Below this line are records; transcribe exactly the lines between the one holding "Okay guys, that's" and the one holding "The first one", inclusive, and omit the pictures.

Record set →
.....

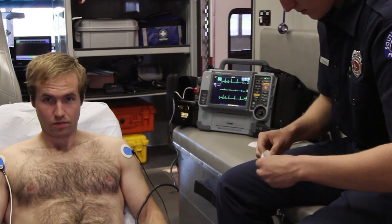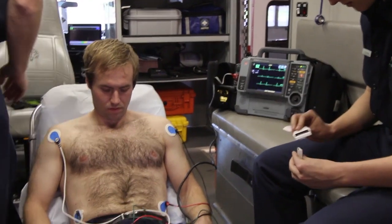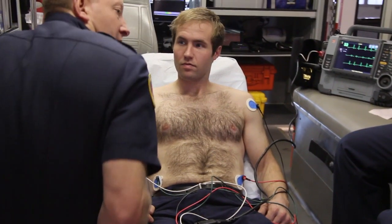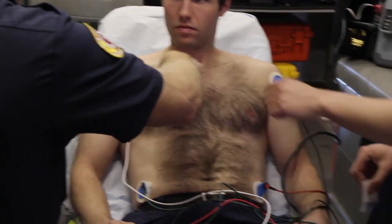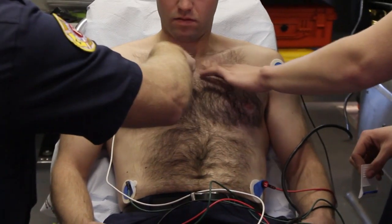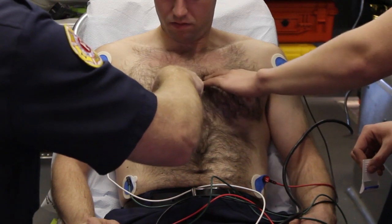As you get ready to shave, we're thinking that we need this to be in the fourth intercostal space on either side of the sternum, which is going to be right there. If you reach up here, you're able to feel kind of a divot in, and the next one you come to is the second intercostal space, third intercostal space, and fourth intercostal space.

.....

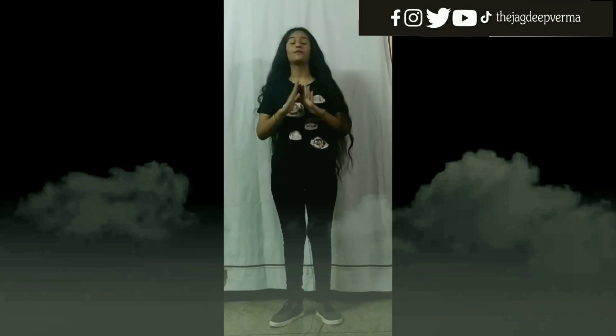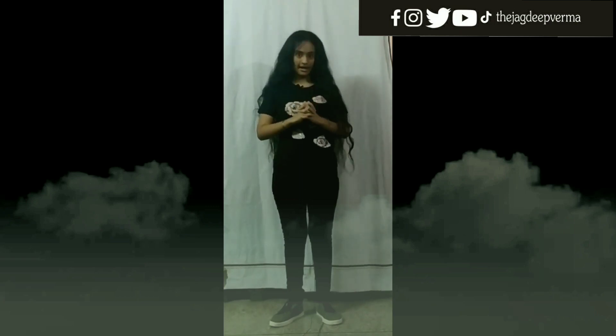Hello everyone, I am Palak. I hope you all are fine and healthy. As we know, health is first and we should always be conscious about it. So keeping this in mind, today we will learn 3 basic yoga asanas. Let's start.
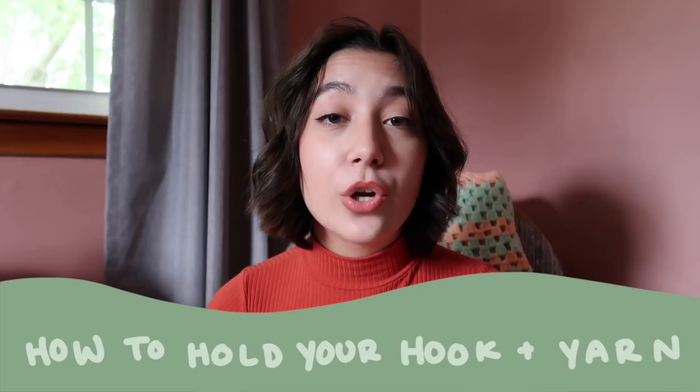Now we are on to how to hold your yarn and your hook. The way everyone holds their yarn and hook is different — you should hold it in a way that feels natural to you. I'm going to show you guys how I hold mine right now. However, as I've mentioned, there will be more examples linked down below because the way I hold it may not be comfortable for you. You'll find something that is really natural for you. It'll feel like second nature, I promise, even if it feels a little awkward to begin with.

.....

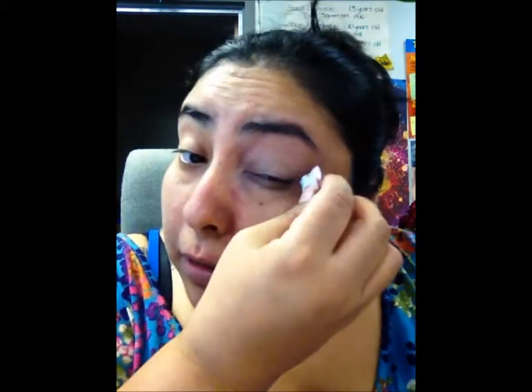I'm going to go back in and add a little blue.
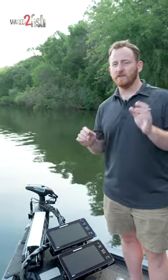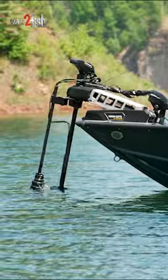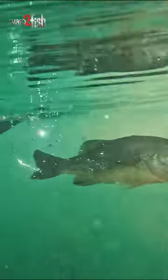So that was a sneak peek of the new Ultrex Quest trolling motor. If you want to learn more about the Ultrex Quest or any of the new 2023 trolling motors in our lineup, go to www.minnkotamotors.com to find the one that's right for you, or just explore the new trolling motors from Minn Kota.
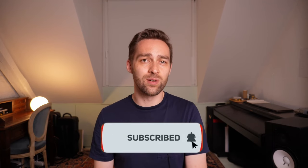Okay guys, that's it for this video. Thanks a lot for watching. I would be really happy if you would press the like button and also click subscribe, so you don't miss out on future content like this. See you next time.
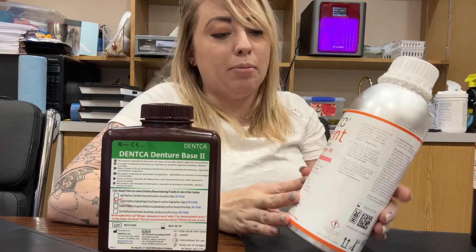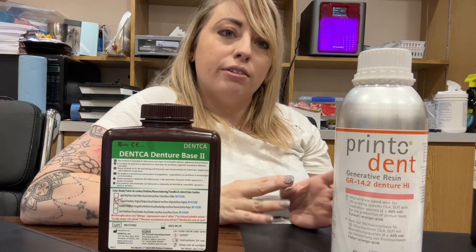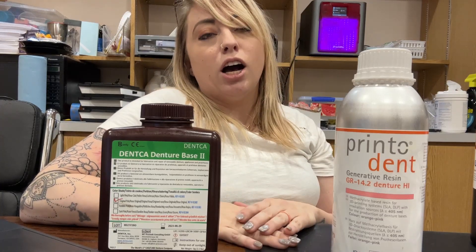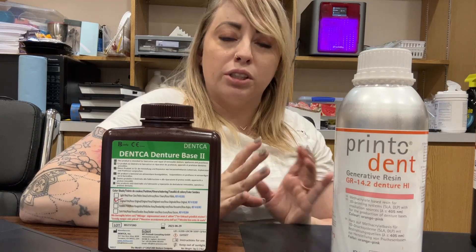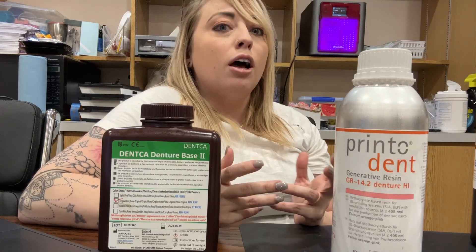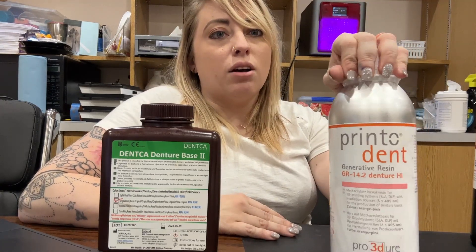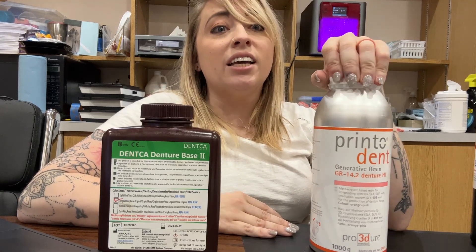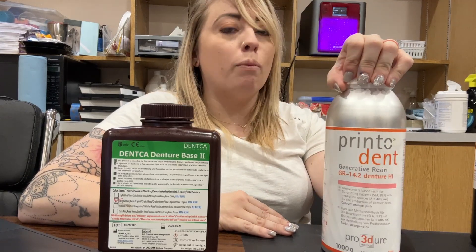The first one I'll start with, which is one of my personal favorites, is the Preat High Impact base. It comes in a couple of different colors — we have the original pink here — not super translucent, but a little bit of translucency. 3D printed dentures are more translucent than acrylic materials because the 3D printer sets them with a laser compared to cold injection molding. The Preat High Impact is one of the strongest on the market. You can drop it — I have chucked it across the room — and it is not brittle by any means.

.....

Solution →
Okay guys, that's it for this video. Thanks a lot for watching. I would be really happy if you would press the like button and also click subscribe, so you don't miss out on future content like this. See you next time.
The first one I'll start with, which is one of my personal favorites, is the Preat High Impact base. It comes in a couple of different colors — we have the original pink here — not super translucent, but a little bit of translucency. 3D printed dentures are more translucent than acrylic materials because the 3D printer sets them with a laser compared to cold injection molding. The Preat High Impact is one of the strongest on the market. You can drop it — I have chucked it across the room — and it is not brittle by any means.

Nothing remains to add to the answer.